As a result, all of the standard configuration options that are available when packaging a jar or war are also available when packaging an executable jar or war.
A number of configuration options that are specific to executable jars and wars are also provided.
Configuring the Main Class
By default, the executable archive’s main class will be configured automatically by looking for a class with a public static void main(String[])

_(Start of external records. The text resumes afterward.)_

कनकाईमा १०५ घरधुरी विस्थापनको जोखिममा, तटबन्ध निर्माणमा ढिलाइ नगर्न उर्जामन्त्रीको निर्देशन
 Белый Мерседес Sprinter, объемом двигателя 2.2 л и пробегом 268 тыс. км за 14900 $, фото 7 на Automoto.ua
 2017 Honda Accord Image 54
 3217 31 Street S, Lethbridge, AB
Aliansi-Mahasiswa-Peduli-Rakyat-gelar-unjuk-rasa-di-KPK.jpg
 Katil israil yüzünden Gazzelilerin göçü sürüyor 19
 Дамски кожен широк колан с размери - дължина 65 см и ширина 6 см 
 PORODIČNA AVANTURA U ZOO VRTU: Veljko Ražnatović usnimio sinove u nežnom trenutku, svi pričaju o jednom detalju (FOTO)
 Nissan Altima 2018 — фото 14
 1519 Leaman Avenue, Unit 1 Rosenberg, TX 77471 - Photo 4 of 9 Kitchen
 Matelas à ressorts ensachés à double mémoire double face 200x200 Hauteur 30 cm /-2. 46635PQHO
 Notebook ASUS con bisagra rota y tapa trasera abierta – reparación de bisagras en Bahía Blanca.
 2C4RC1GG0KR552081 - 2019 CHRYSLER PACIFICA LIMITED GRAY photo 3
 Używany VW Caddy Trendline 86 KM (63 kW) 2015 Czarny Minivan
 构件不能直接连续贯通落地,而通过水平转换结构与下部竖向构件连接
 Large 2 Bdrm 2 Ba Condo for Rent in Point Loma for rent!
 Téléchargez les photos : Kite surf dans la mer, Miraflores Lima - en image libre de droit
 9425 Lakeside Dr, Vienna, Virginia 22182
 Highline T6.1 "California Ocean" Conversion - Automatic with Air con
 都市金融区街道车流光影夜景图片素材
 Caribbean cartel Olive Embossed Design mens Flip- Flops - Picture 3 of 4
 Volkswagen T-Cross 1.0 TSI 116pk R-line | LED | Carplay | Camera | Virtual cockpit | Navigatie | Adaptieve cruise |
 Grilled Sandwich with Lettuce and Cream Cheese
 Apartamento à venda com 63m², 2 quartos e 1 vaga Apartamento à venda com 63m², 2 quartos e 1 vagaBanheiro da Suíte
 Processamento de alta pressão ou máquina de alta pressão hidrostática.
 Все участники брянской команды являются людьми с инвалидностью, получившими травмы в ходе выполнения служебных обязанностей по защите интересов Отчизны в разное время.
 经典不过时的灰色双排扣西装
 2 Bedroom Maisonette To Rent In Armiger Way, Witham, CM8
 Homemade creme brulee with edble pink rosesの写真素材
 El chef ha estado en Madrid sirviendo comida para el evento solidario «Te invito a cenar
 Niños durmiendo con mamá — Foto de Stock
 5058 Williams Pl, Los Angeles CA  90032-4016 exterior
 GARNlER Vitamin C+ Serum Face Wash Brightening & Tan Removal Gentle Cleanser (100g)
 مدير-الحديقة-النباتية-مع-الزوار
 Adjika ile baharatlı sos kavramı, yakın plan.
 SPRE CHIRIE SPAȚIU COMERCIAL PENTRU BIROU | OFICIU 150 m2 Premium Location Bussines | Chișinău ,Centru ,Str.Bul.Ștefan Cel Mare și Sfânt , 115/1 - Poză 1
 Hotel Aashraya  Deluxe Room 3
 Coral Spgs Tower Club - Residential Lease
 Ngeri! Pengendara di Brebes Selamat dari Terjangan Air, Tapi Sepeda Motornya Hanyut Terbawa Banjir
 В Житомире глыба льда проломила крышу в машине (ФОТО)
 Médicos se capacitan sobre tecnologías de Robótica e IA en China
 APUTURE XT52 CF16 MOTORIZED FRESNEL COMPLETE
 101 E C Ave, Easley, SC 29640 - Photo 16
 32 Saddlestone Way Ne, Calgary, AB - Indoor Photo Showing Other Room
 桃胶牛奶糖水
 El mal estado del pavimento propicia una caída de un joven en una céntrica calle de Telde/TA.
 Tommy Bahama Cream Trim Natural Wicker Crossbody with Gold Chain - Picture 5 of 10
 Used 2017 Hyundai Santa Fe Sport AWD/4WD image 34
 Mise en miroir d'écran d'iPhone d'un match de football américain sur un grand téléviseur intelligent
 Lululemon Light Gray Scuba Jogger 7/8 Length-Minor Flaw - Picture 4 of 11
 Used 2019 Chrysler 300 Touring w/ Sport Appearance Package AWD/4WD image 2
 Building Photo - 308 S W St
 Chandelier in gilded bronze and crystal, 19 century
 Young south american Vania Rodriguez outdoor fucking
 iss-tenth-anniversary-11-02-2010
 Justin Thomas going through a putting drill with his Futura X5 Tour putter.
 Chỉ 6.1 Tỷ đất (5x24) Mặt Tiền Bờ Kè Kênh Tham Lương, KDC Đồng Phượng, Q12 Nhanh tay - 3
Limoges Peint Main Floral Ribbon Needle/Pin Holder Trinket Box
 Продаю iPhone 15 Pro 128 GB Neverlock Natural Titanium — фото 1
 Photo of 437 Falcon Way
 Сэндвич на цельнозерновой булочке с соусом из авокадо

method in the main source set’s output.
The main class can also be configured explicitly using the task’s mainClass
property:
-
Groovy
-
Kotlin
tasks.named("bootJar") {
mainClass = 'com.example.ExampleApplication'
}
tasks.named<BootJar>("bootJar") {
mainClass.set("com.example.ExampleApplication")
}
Alternatively, the main class name can be configured project-wide using the mainClass
property of the Spring Boot DSL:
-
Groovy
-
Kotlin
springBoot {
mainClass = 'com.example.ExampleApplication'
}
springBoot {
mainClass.set("com.example.ExampleApplication")
}
If the application
plugin has been applied its mainClass
property must be configured and can be used for the same purpose:
-
Groovy
-
Kotlin
application {
mainClass = 'com.example.ExampleApplication'
}
application {
mainClass.set("com.example.ExampleApplication")
}
Lastly, the Start-Class
attribute can be configured on the task’s manifest:
-
Groovy
-
Kotlin
tasks.named("bootJar") {
manifest {
attributes 'Start-Class': 'com.example.ExampleApplication'
}
}
tasks.named<BootJar>("bootJar") {
manifest {
attributes("Start-Class" to "com.example.ExampleApplication")
}
}
If the main class is written in Kotlin, the name of the generated Java class should be used.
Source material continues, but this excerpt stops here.